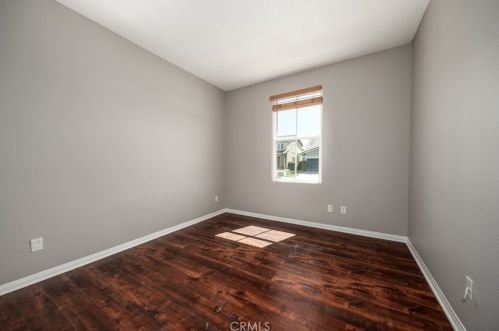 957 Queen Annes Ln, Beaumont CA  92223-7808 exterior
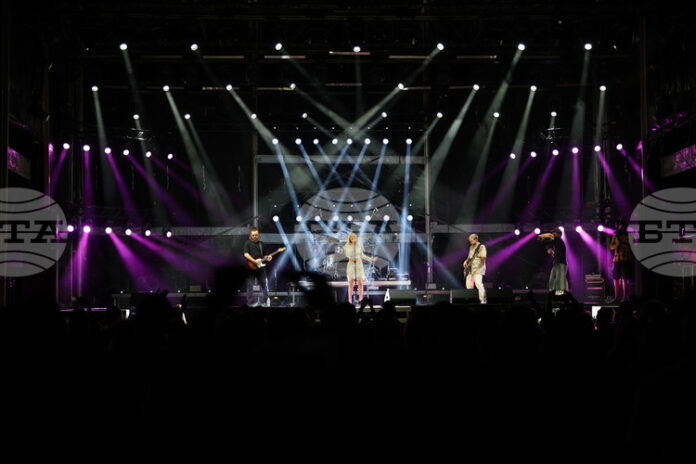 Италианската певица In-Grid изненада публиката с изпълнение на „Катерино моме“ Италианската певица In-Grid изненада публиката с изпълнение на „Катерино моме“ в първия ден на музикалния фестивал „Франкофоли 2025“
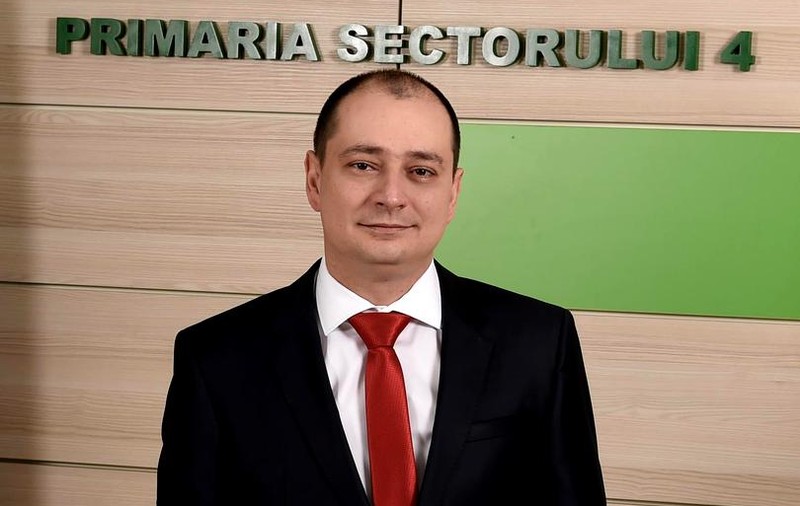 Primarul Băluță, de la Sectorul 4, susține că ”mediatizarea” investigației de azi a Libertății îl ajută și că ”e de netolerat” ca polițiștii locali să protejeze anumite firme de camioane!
==
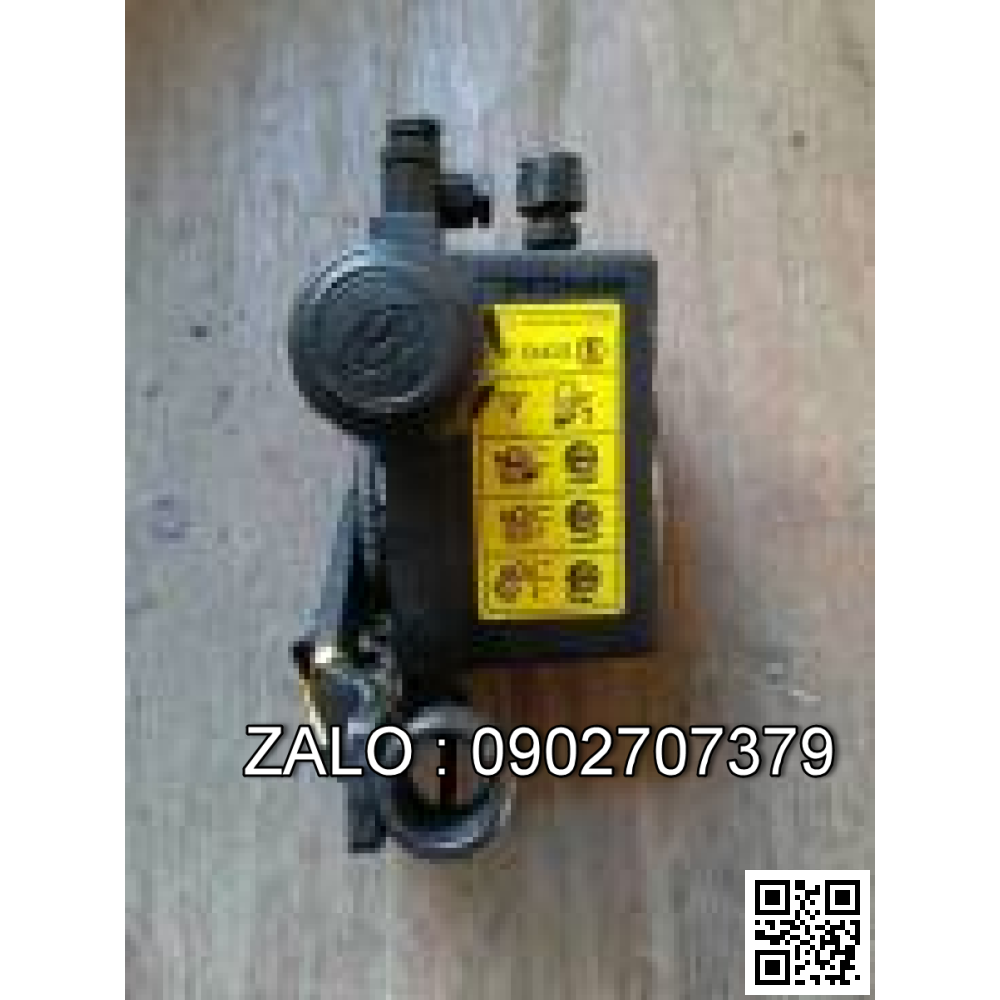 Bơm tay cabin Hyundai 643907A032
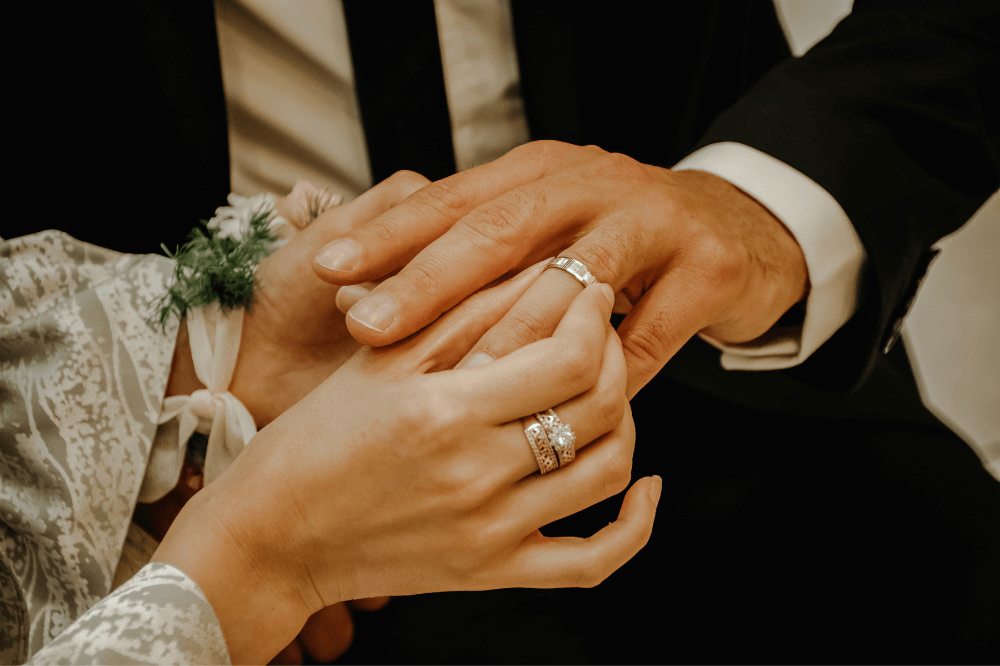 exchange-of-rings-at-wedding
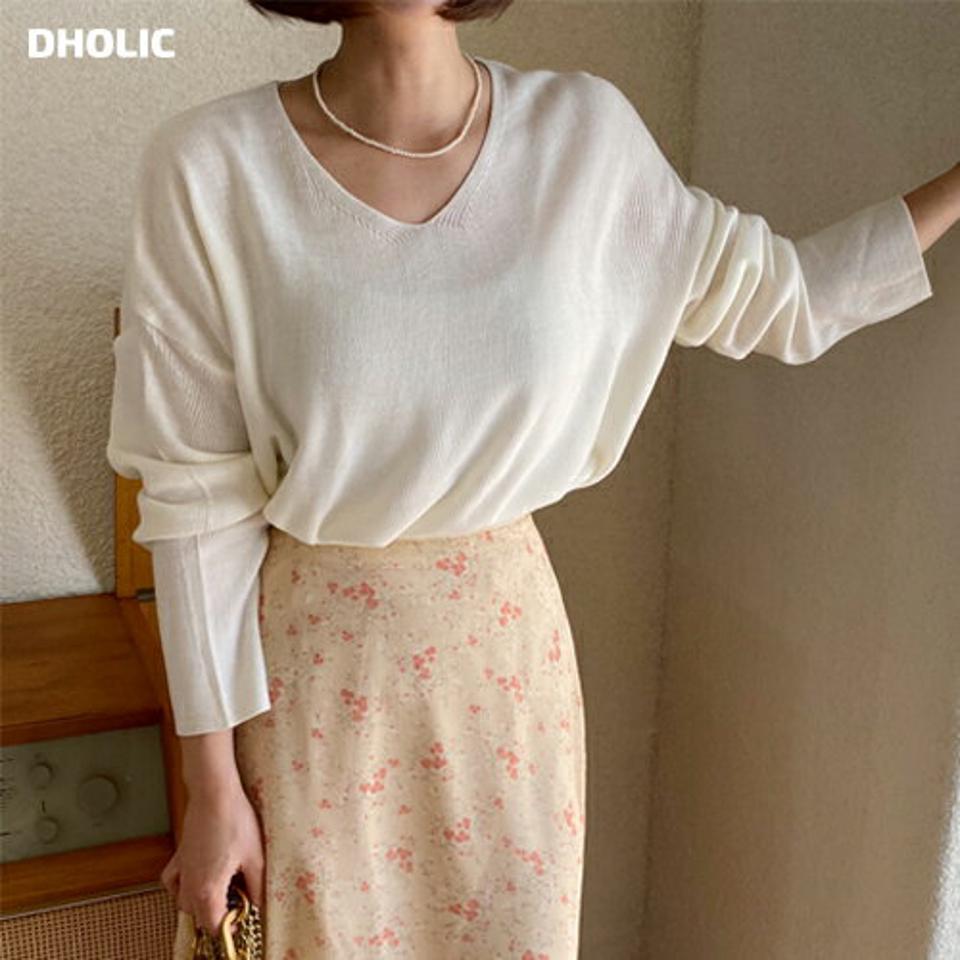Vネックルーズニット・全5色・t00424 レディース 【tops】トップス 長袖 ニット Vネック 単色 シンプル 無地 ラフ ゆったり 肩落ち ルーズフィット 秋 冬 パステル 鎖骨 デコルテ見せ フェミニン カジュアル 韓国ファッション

■ WORK INSTRUCTION
Starting at the line above that holds "Bơm tay cabin Hyundai 643907A032", repeat every line exactly down to and including the line that holds "Vネックルーズニット・全5色・t00424 レディース 【tops】トップス", then stop. Do not carry over any pictures.

■ RESPONSE
 Bơm tay cabin Hyundai 643907A032
 exchange-of-rings-at-wedding
Vネックルーズニット・全5色・t00424 レディース 【tops】トップス 長袖 ニット Vネック 単色 シンプル 無地 ラフ ゆったり 肩落ち ルーズフィット 秋 冬 パステル 鎖骨 デコルテ見せ フェミニン カジュアル 韓国ファッション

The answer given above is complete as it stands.